The finished products stayed true to the concepts because designers stuck to fixed points on the shared platform—a shortened version of Volvo’s new scalable product architecture (SPA). Mayer points out details such as the “Thor’s hammer” lighting graphics and the kick-up in the rear window. The new S60 also borrows from the brand’s history, having “literally the same character lines of the P 1800,” says Mayer, referring to the rear-wheel-drive sports car made from 1961 to 1971.
Under the hood of every S60 is a version of Volvo’s turbocharged 2.0-liter, four-cylinder engine. The T8 plug-in hybrid adds an electric motor for a total output of 400 hp and 472 ft lbs of torque in Volvo’s Inscription and R Design trim levels. The line-topping Polestar Engineered S60, done in partnership with Volvo’s Polestar performance division (which has recently re-launched as a standalone brand), uses the T8 engine tweaked to produce an extra 15 hp over the standard models.

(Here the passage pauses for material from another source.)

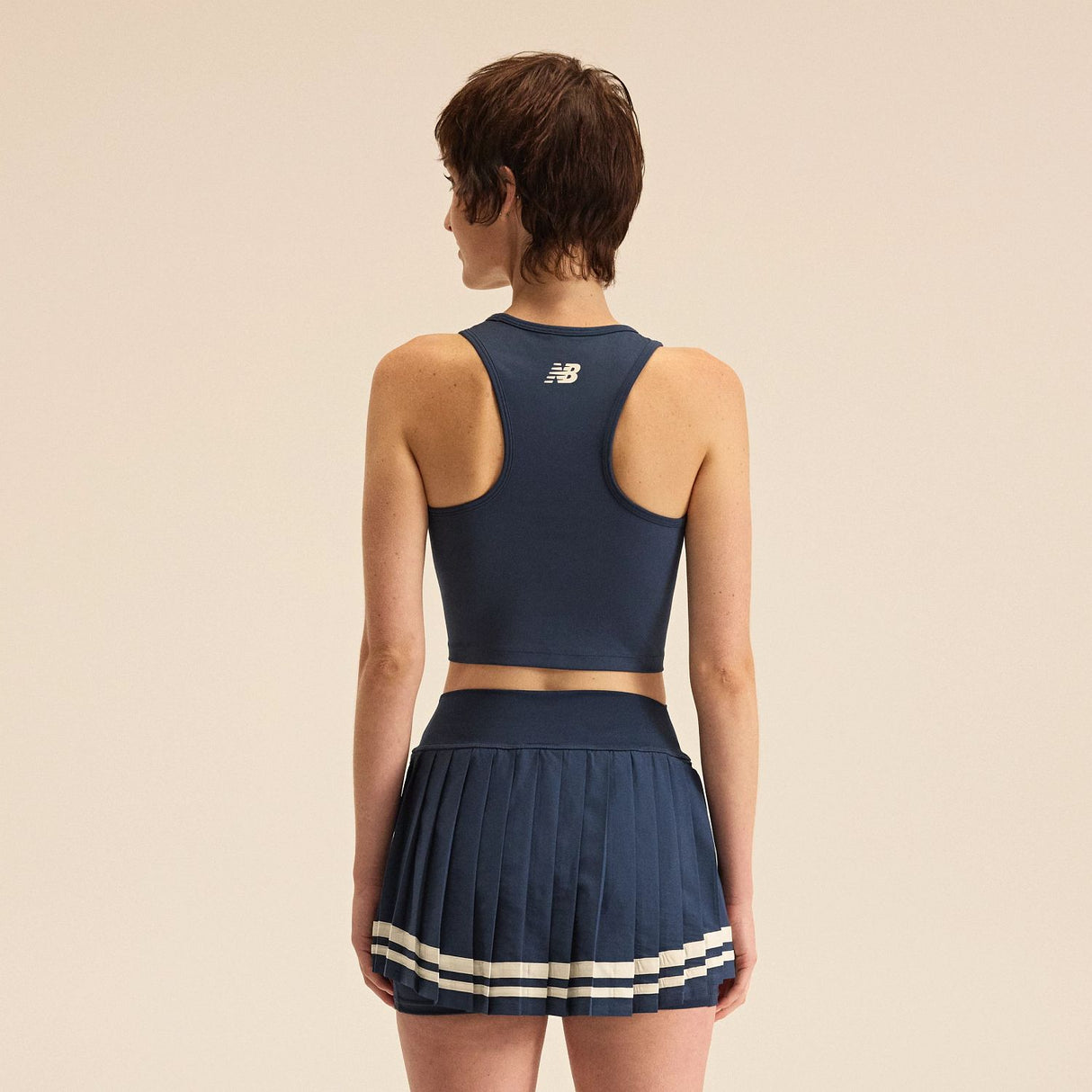New Balance Women's Australian Open NB Harmony Fitted Tank-5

On a drive from Santa Monica, Calif., to the town of Ojai, we took the S60 Polestar Engineered through mountainous back roads and had just as much fun as we would in a comparable German car (not counting top performers from BMW’s M lineup and Mercedes-AMG). The T8’s electric motor serves up the instant low-end torque typical of plug-in hybrids, making for quick acceleration and a barely perceptible transition when the turbochargers kick in. Around corners, the stiffer, adjustable multi-link front and rear suspension keeps the car planted without feeling too firm. The Polestar engineered S60 and V60 also have more stopping power thanks to a Brembo brake kit that uses slotted rotors and six-piston calipers. For now, alas, the Polestar Engineered models are only available through Care by Volvo, the brand’s new subscription service, and all examples are spoken for. A Volvo rep tells us more will be coming in the next model year.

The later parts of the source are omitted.